Buoni pasto: vantaggi e tassazione prevista nel 2024

I buoni pasti sono uno dei benefit più diffusi ed apprezzati da parte dei lavoratori. Perfetti per rispondere alle esigenze alimentari durante la pausa pranzo, possono essere impiegati anche per comprare bevande e generi alimentati nei negozi e supermercati convenzionati.

Non sono soltanto comodi da usare, ma assicurano anche agevolazioni fiscali, sia ai dipendenti che alle aziende. Soprattutto i lavoratori hanno la possibilità di migliorare lo stile di vita e il potere d’acquisto, senza pagare contributi o tasse in più. Tutto quello che riguarda i buoni pasto è comunque regolamentato da particolari normative che definiscono metodi di erogazione e requisiti di accesso.

Cosa sono i buoni pasto

I buoni pasto non sono altro che documenti in formato elettronico o cartaceo che conferiscono al possessore il diritto di avere, dagli esercenti convenzionati, la somministrazione di alimenti e bevande o di prodotti di gastronomia pronti al consumo.

Dunque, è un servizio sostitutivo della classica mensa aziendale di valore identico a quello esposto sul buono. In alternativa, i datori di lavoro possono appunto organizzare un servizio di mensa aziendale oppure aderire ad una mensa interaziendale dove i dipendenti possono fare il pasto giornaliero gratuitamente.

Altrimenti, l’impresa può dare al lavoratore in busta paga l’indennità sostitutiva di mensa che diventa parte integrante della retribuzione. L’importo di questa indennità è definito dalla somma giornaliera sancita a titolo di indennizzo per il dipendente che mangia il pasto fuori casa nelle ore di lavoro, moltiplicata per i giorni nei quali il lavoratore è stato in azienda.
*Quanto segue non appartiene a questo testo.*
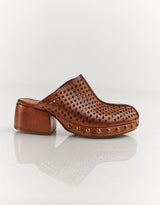 Brown Leather Mules- A.S 98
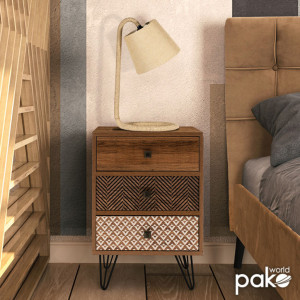 Noptiera Boho Walnut 40x40x59 cm - Img 2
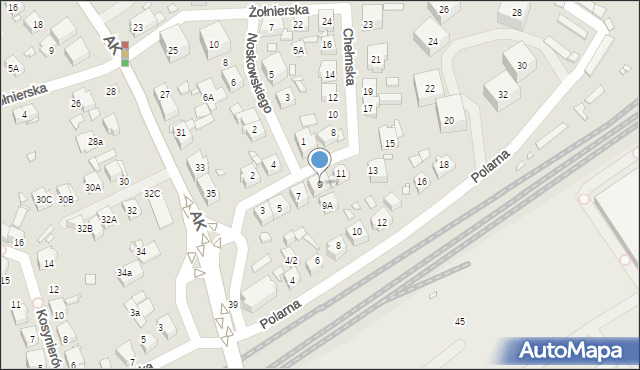 Katowice, Chełmska, 9, mapa Katowic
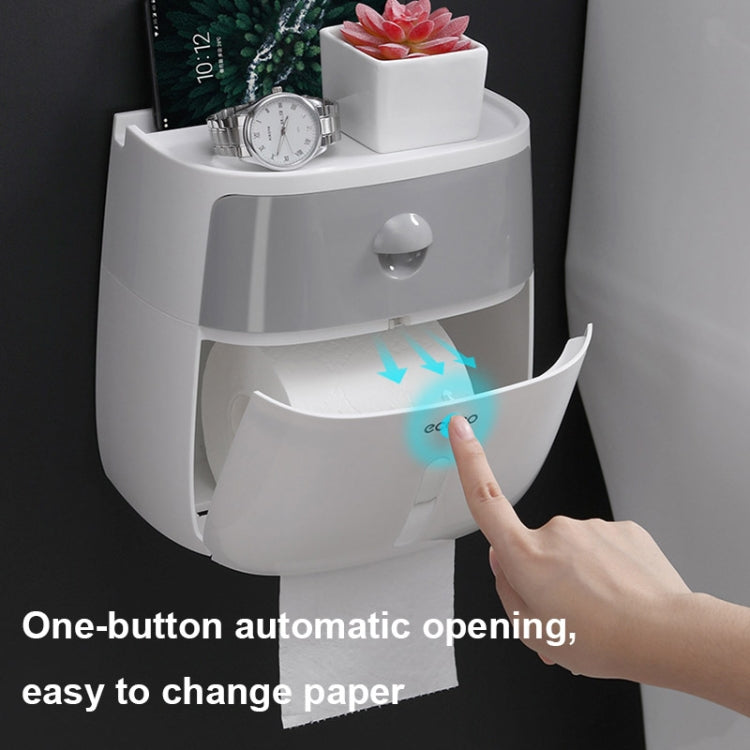 ECOCO E1804 Toilet Multifunctional Double-layers Tissue Rack, White+Gray, White+Black, Pink+Pink, Blue+Blue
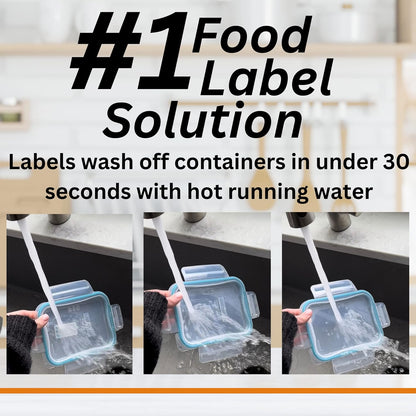 2x1 Dissolvable Food Labels, 1000 Food Container Stickers, Blue | Ideal for Fridge Freezer & Pantry, Organize Prepped Meals & Leftovers Easily, Adheres Well, Dissolves Fast with Zero Residue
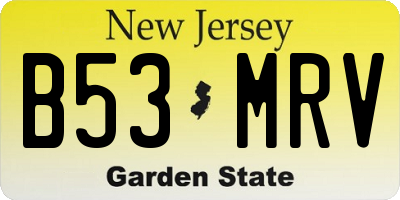 NJ license plate B53MRV
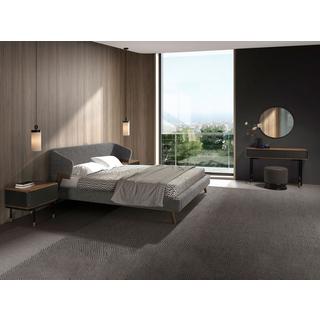 ANGEL CERDA Comodino in legno grigio scuro opaco, acciaio nero e piano in noce  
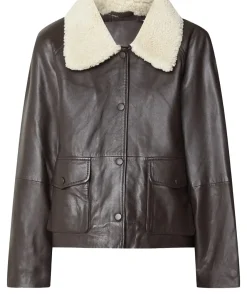womens-banto-dark-brown-faux-leather-fur-collar-jacket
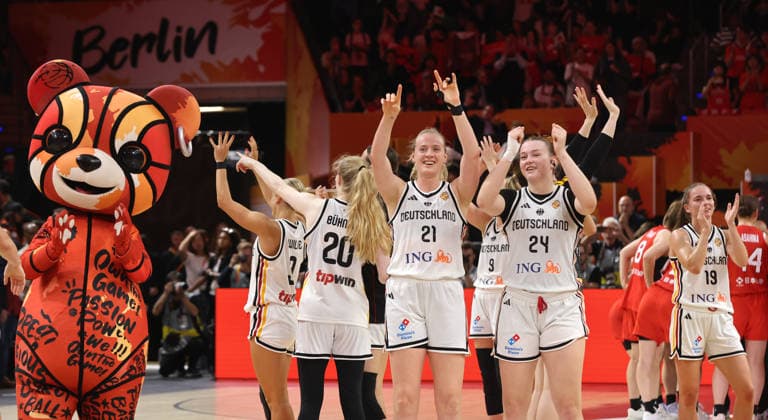 Frieda Bühnerd, Marie Guelich, Lina Sontag, German team celebrates after the game Joy Emotion Sports Basketball FIBA World Cup Women s World Championship 2026-2027 season May 9, 2026 DBB Germany GER vs. Japan JPN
Così facendo, si ricava l’importo lordo da inserire in busta paga.

Inoltre, il buono pasto non rappresenta un diritto imprescindibile dei lavoratori ed è assegnato solo se previsto da un accordo collettivo o individuale. In assenza di tale accordo, i benefici non possono essere pretesti poiché non sono una parte della retribuzione, ma un beneficio derivante dalle prestazioni welfare. Significa che la legge non impone ai datori di lavoro nessun obbligo sull’emissione dei buoni pasto in quanto la loro erogazione è sempre indicata nel contratto di assunzione o deriva da accordi successivi.

Quali sono le normative di riferimento

Due normative in materia di buoni pasto sono state abrogate nel 2023 e sono state sostituite dal Decreto-legge del 31 marzo 2023 n. 36, il nuovo Codice Appalti. Sono invece rimaste inalterate le normative di riferimento per quel che riguarda la regolamentazione fiscale dei buoni pasto, nonostante siano state modificate le somme deducibili attraverso la Legge di Bilancio. In tal caso, continua a valere l’articolo 51 comma 2 del TUIR e la circolare del Ministero delle Finanze n. 326/1997.

La tassazione dei buoni pasto

Come detto, i buoni pasto garantiscono a datori di lavoro e dipendenti delle agevolazioni fiscali. Infatti, l’articolo 51 del Testo Unico sulle Imposte sui Redditi (TUIR) inserisce tale benefit tra quelli che non concorrono alla formazione del reddito dei lavoratori entro limiti ben definiti. Tali limiti sono spesso modificati dalle Legge di Bilancio.

L’ultima ad avere aggiunto delle modifiche è stata la Legge di Bilancio 2020 che ha deciso un limite di deducibilità di 4 euro per i buoni cartacei e di 8 euro per i buoni elettronici. Entro questi limiti e a patto che questi buoni siano assegnati “alla “generalità dei dipendenti o intere categorie omogenee di essi”, i buoni pasto risultano esentasse anche per i datori che possono portarli in detrazione.

I vantaggi dei buoni pasto per i lavoratori

I dipendenti avranno un maggiore potere d’acquisto per la spesa alimentare o la pausa pranzo rispetto all’indennità in busta paga, soggetta alla tassazione per i redditi da lavoro dipendente e assimilati.

Con i buoni pasto invece i datori possono dare un benefit che non costituisce reddito e non è soggetto a contributi previdenziali e assistenziali, in grado di andare incontro alle necessità del lavoratore e della sua famiglia.

Per fare un esempio concreto, se il datore dà 8 euro in più in busta paga, al dipendente in tasca arrivano 4,92 euro. Questo perché erogando gli 8 euro al giorno sono previsti gli oneri previdenziali e l’IRPEF che variano secondo il CCNL.

Lo stesso importo con il buono pasto cartaceo lascia al lavoratore 6,46 euro, mentre nel caso del buono pasto elettronico il valore sarà più alto, ossia quello facciale di 8 euro.